- Film poster
- Directed by: Yael Melamede
- Produced by: Dan Ariely; Deborah Camiel;
- Starring: Dan Ariely
- Edited by: Erin Barnett; Chad Beck;
- Release date: April 9, 2015 (Full Frame Documentary Film Festival);
- Running time: 90 minutes
- Language: English

= (Dis)Honesty: The Truth About Lies =

2015 documentary film

(Dis)Honesty: The Truth About Lies is a 2015 feature-length documentary film directed by Yael Melamede. It explores the reasons why people lie and the methods they use.
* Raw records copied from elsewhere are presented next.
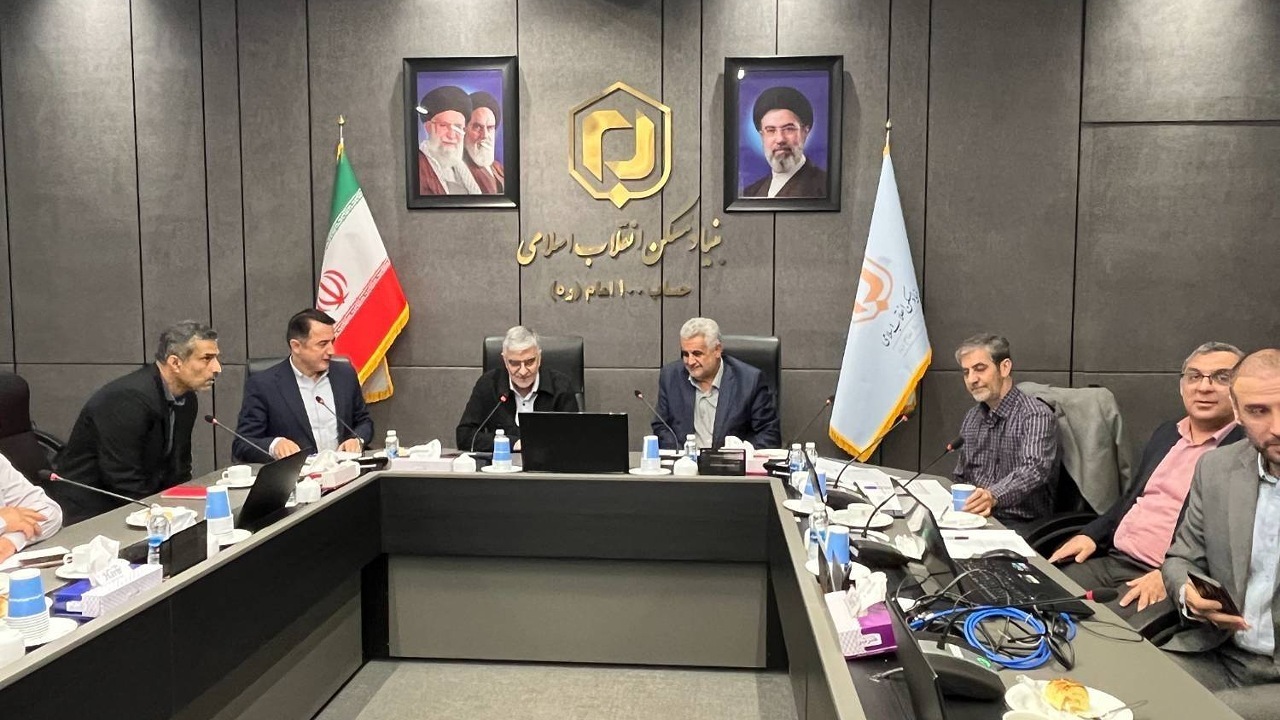 وام مسکن محرومان ۲۰۰ میلیون تومانی شد؛ سیاست جدید صندوق ملی مسکن برای شفافیت و تسریع پرداخت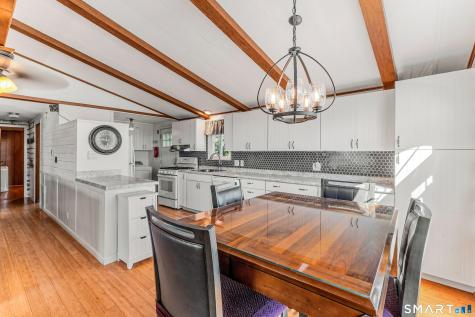 19 Laurel View Wallingford CT 06492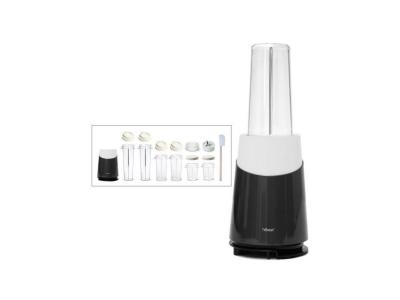 Personal Blender Tribest PB420 - Gris 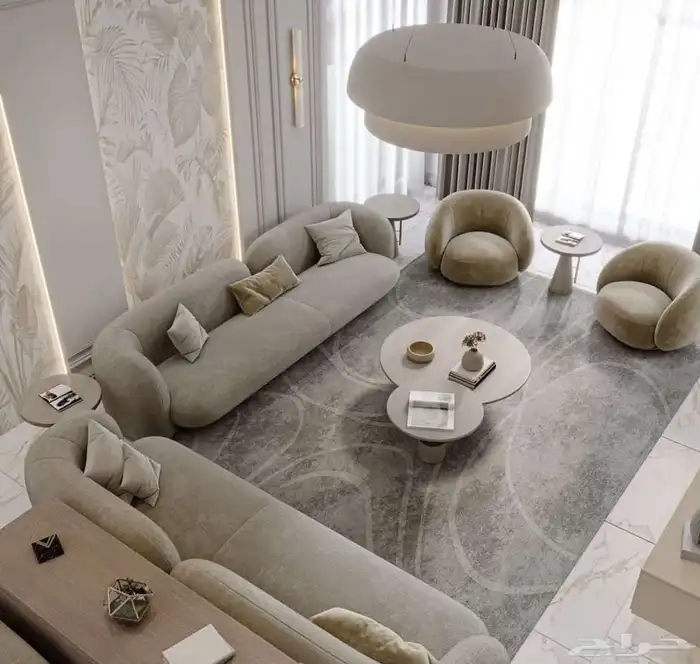 كنب غرف مطابخ اسعار الجمله عرض الجمعه40 58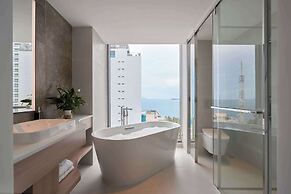 Adamas Boutique Hotel Nha Trang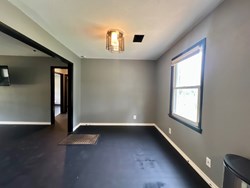 3204 SE 19th St, Del City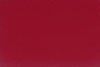 Silk taffeta fabric swatch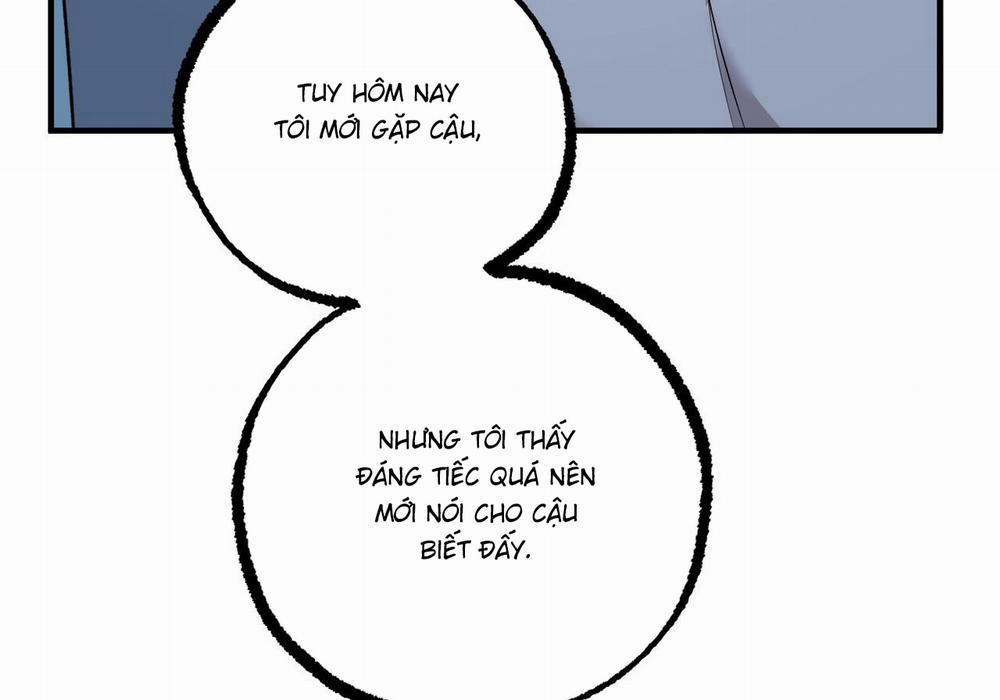 Đàn Thỏ Của Habibi 60 trang 130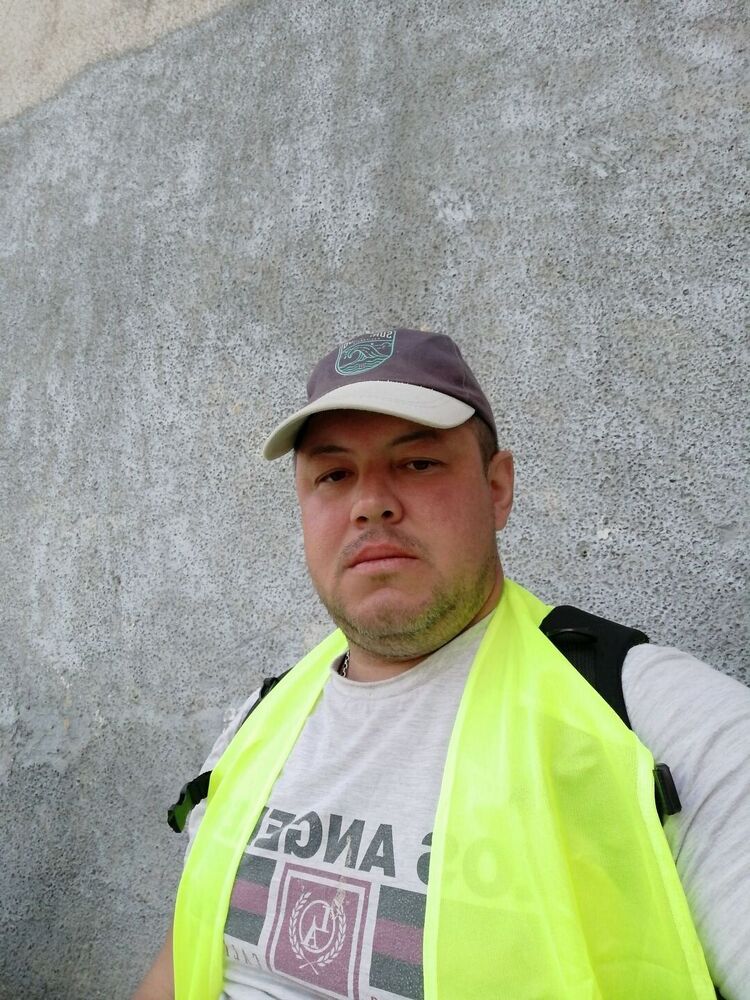  23504366  , 43 ,    -
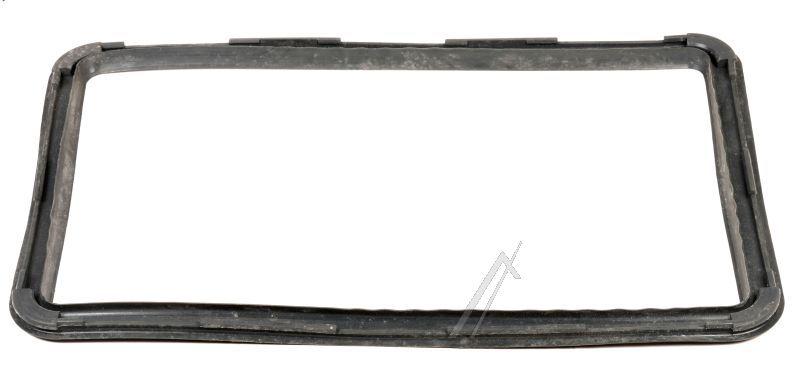 Samsung DG6300325A Dichtung - Dg63-00325a gasket-rubber cavity,nq-f700,e,bl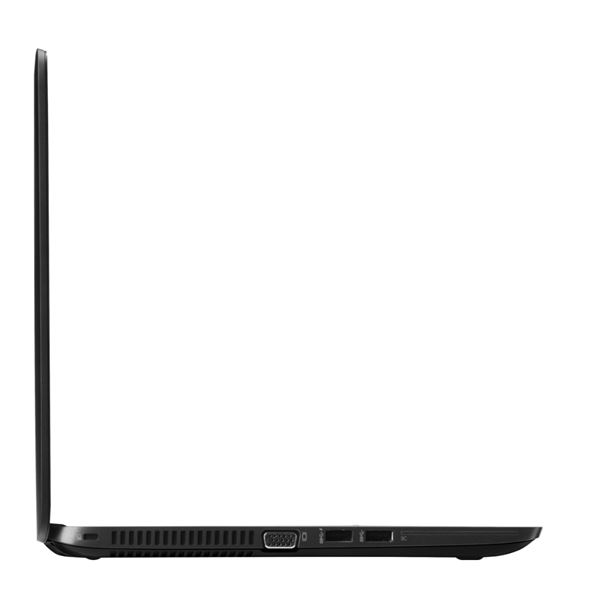 HP ZBook 14 G1 Mobile Workstation - NOVÁ BATERIE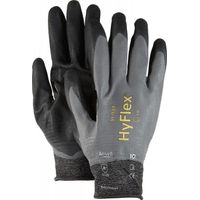New2-Guante Hyflex 11-939 Gr. 9 (por 12)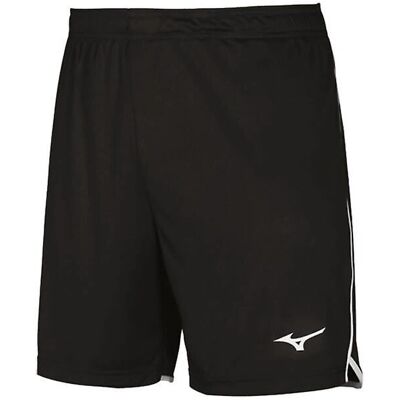 Mizuno Highkyu V2EB700109 - Pantaloncini estivi da uomo Mizuno Highkyu V2EB700109 - Pantaloncini estivi da uomo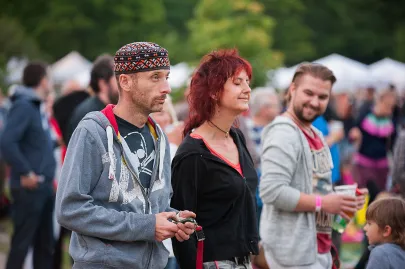 Publiczność
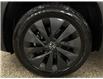 2024 Volkswagen Taos Comfortline (Stk: 43979J) in Belleville - Image 25 of 25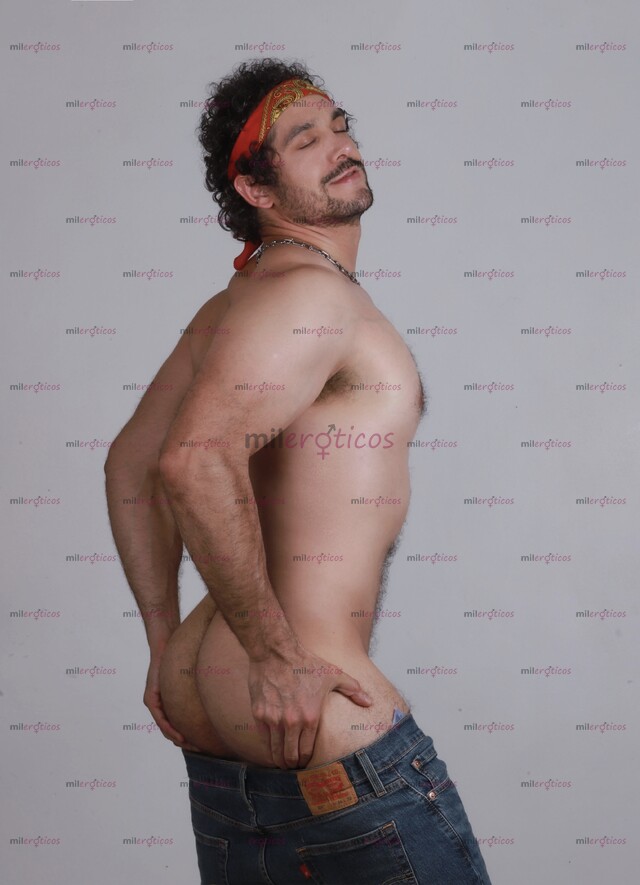 FOTOS DE LOS MEJORES VIDEOS GAY DE JUAN MARTÍN Y FOTOS CACHONDAS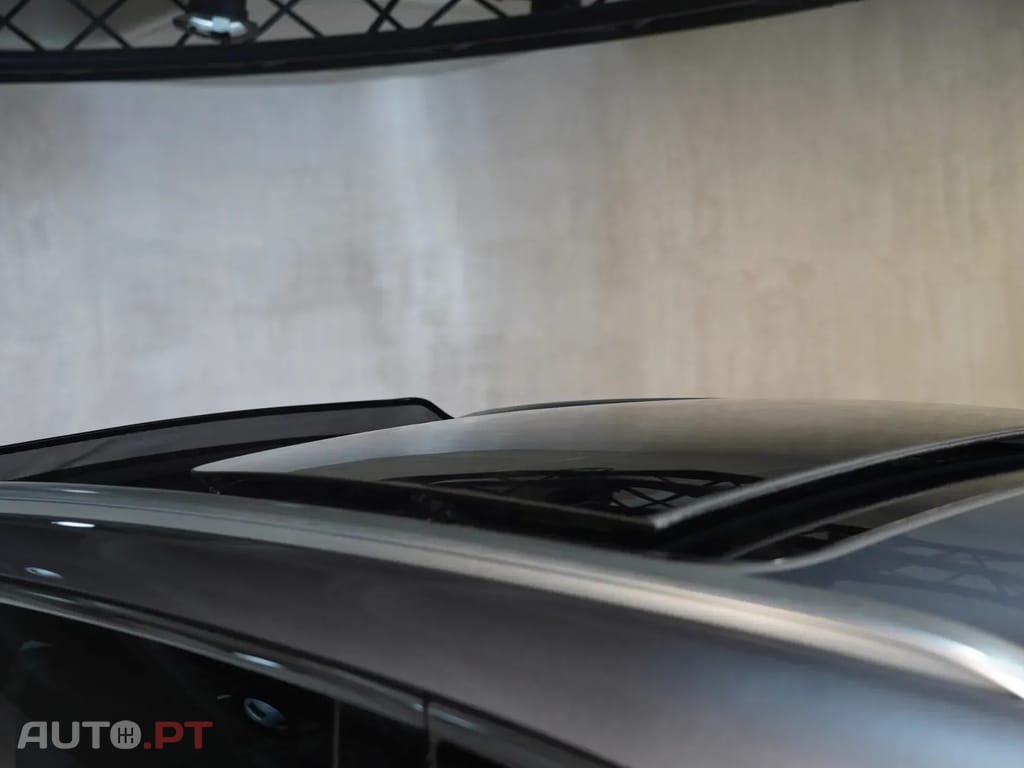 BYD Seal U 1.5 DM-i Comfort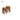 Kye Solid Wood Stackable Dining Stool from maija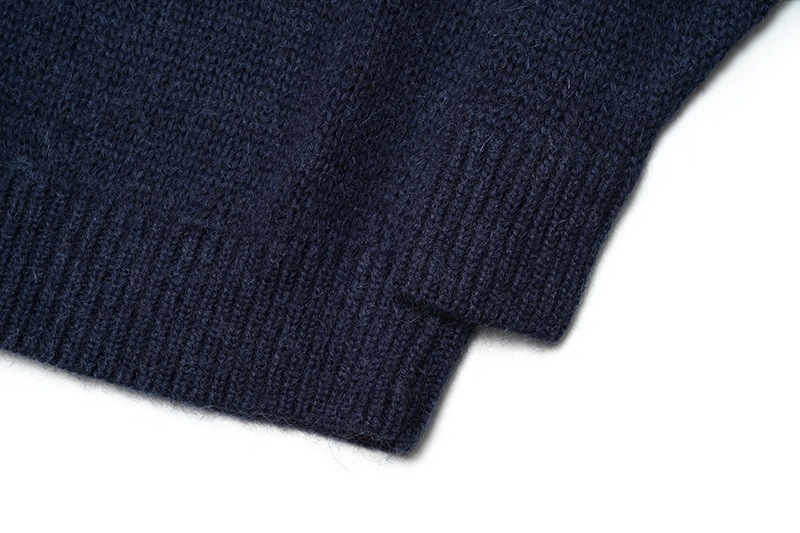 Nudie Jeans �̡��ǥ��������� �˥å� �������� 150415BJARNAR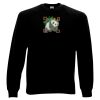 Kids Sweater basic Thumbnail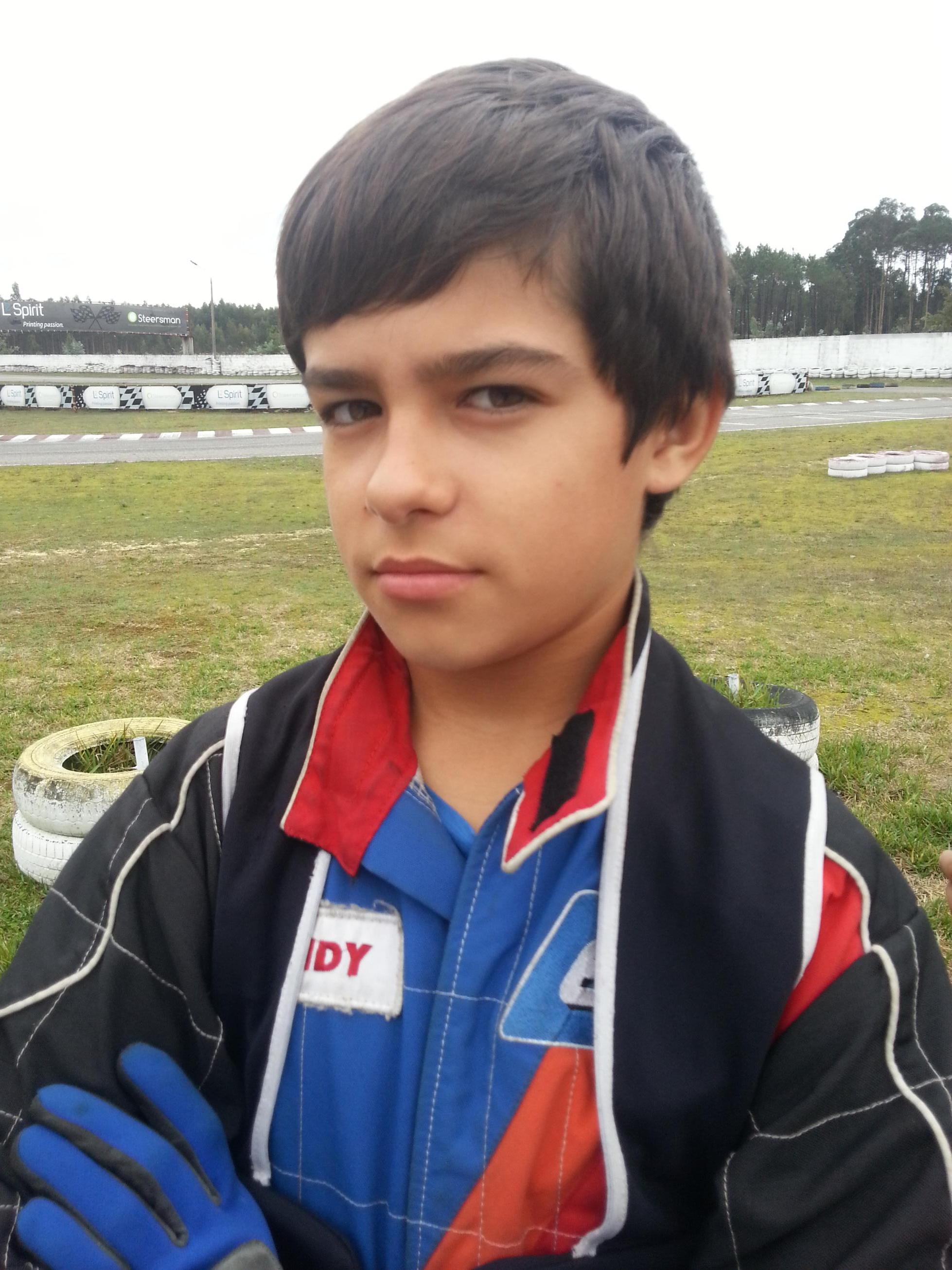 Troféu Honda 2013 - 4ª Prova52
It features direct testimony, footage and the experimental research carried out by Dan Ariely.

==Release==
(Dis)Honesty: The Truth About Lies premiered at the 2015 Full Frame Documentary Film Festival.

==Critical response==
Variety stated about the film: "this entertaining mix of anecdotal evidence, academic research and current affairs is a diverting survey that should hold appeal for niche buyers in various formats". The Hollywood Reporter described (Dis)Honesty: The Truth About Lies as a "deep-think doc animated by the researcher at its center". The New York Times criticized the lack of exploration of the loss of trust in the wider society.

The film has an 89% rating, with an average score of 7.02/10 based on 18 reviews, on Rotten Tomatoes. It has a rating of 60/100 on Metacritic, stating "Mixed or average reviews based on 6 Critics".